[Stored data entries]

----

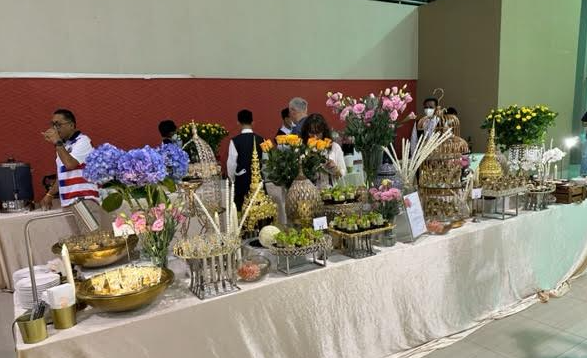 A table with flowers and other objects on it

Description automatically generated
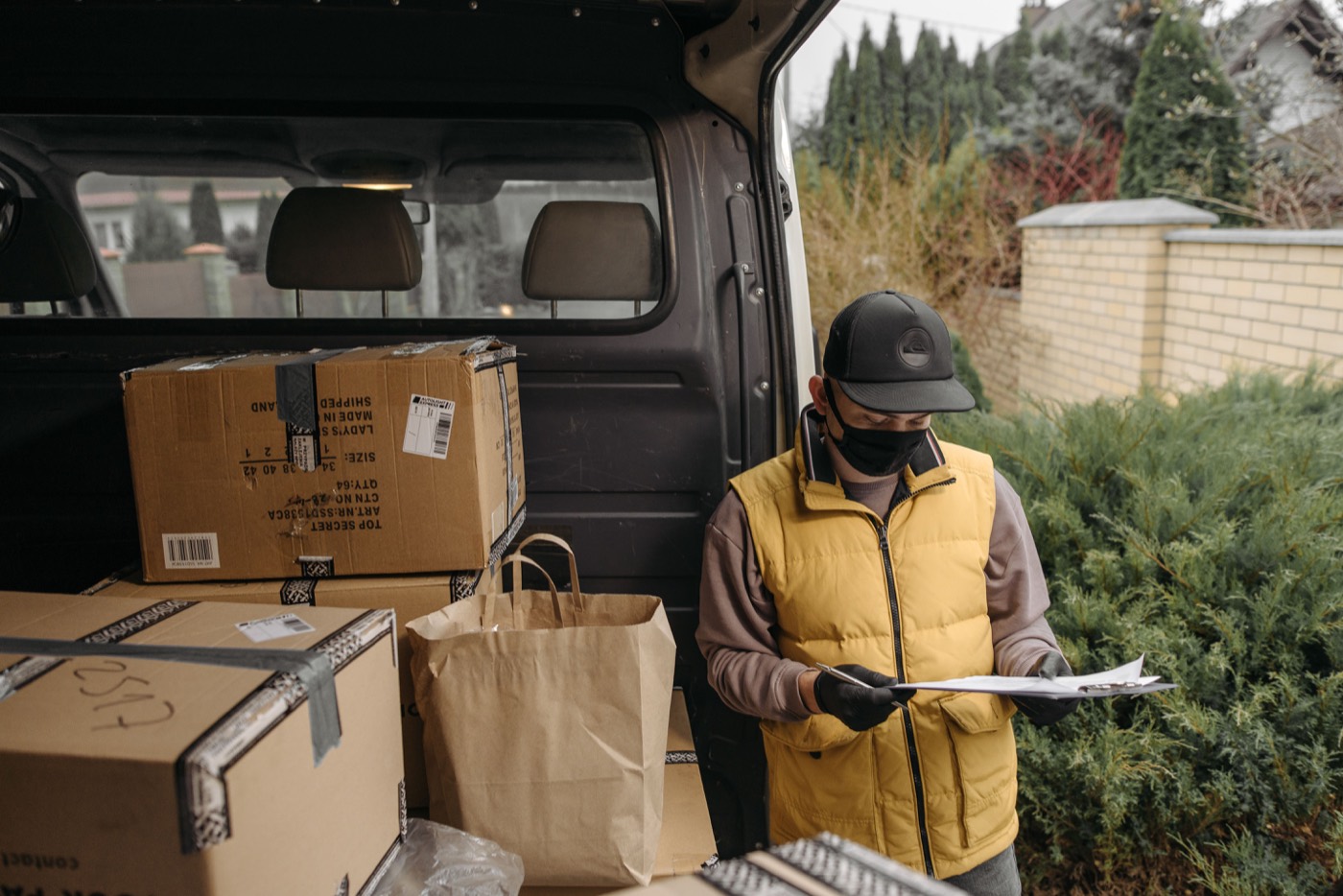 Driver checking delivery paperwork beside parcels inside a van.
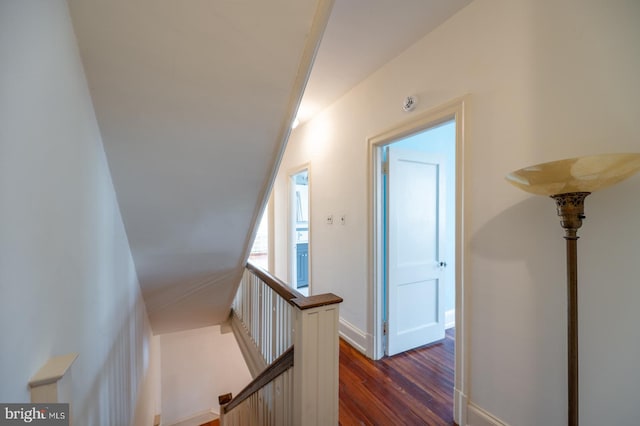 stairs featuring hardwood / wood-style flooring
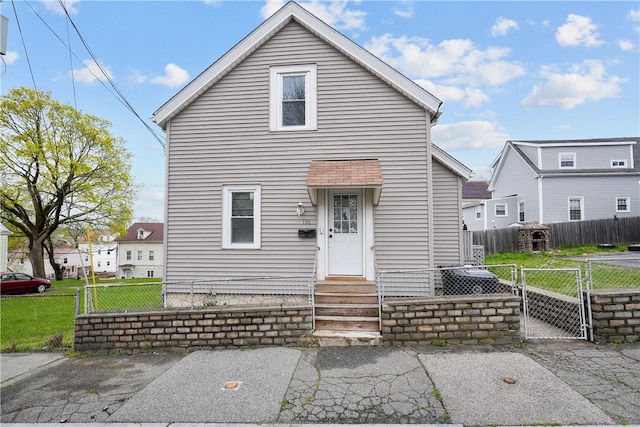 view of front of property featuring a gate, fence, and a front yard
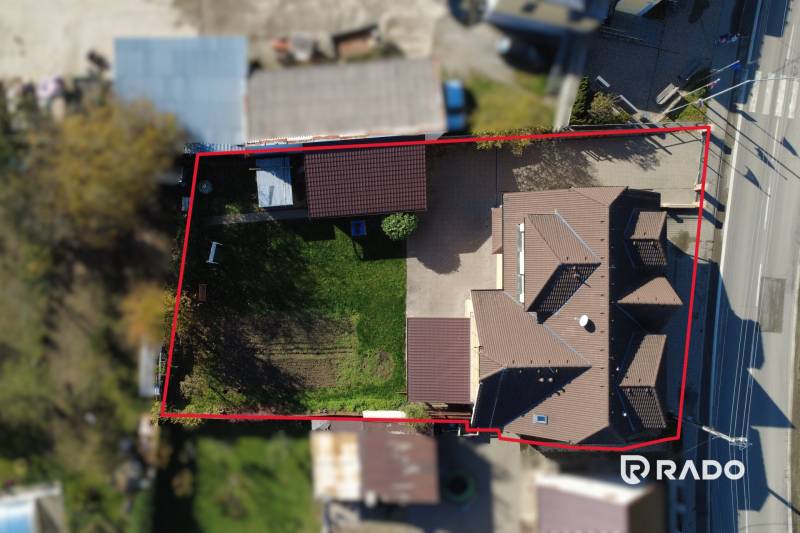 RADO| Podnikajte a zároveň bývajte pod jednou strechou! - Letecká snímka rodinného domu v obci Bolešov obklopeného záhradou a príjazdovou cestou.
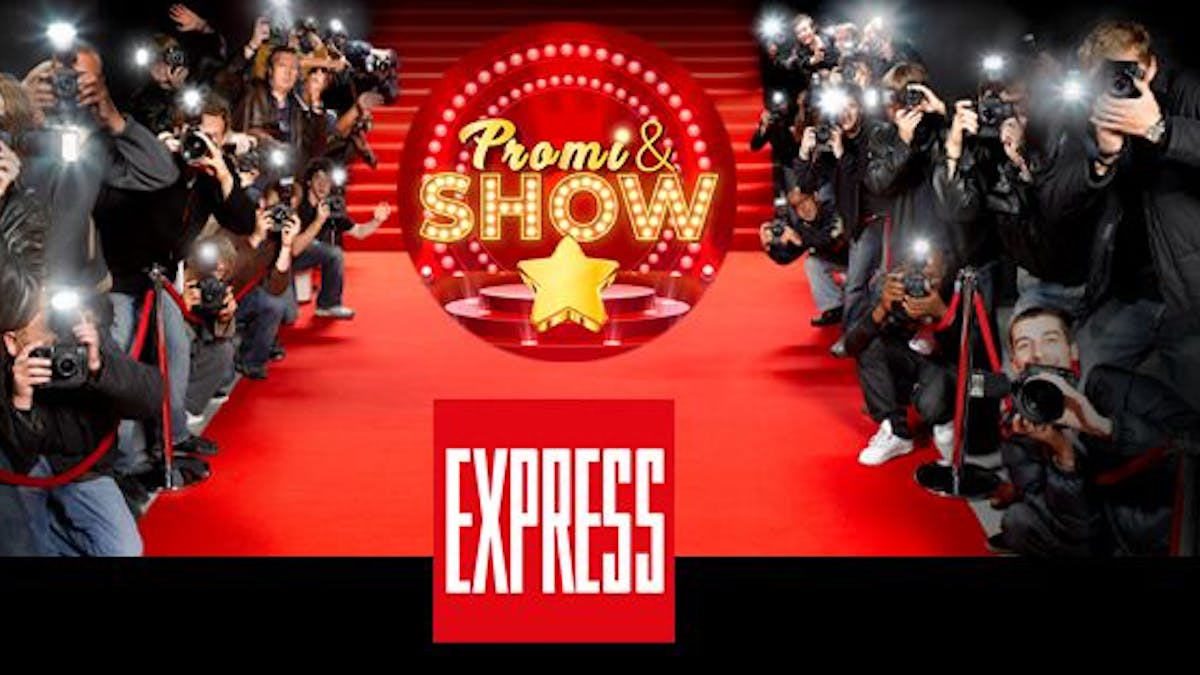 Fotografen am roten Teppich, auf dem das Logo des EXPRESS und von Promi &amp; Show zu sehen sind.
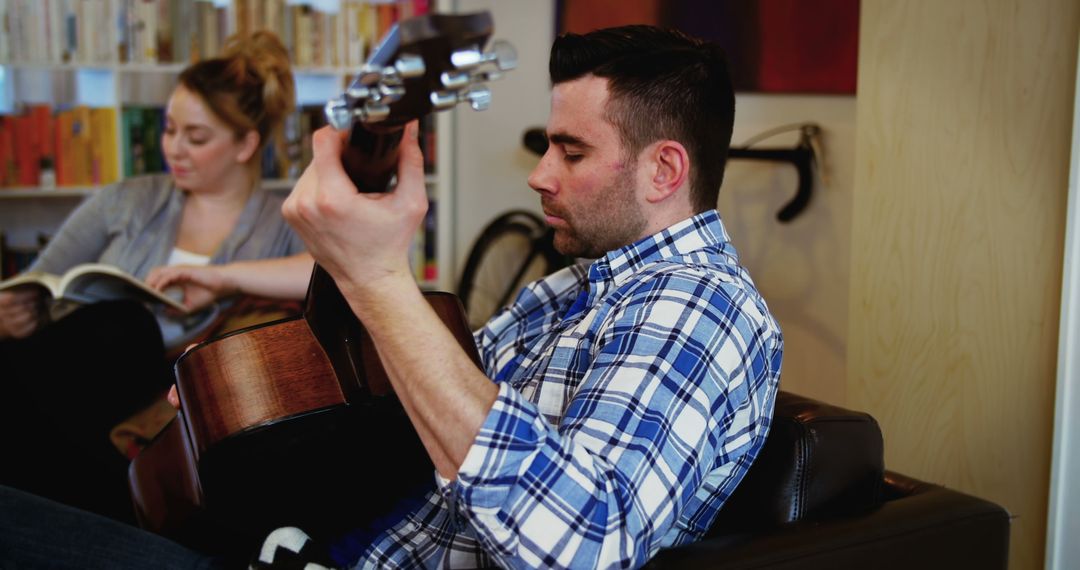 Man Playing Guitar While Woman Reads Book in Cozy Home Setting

----

WORK REQUEST:
Would you give again, exactly, the lines in the data above that run from the line containing "view of front" to the line containing "RADO| Podnikajte a"? Include both ends and no pictures.

RESULT:
 view of front of property featuring a gate, fence, and a front yard
 RADO| Podnikajte a zároveň bývajte pod jednou strechou! - Letecká snímka rodinného domu v obci Bolešov obklopeného záhradou a príjazdovou cestou.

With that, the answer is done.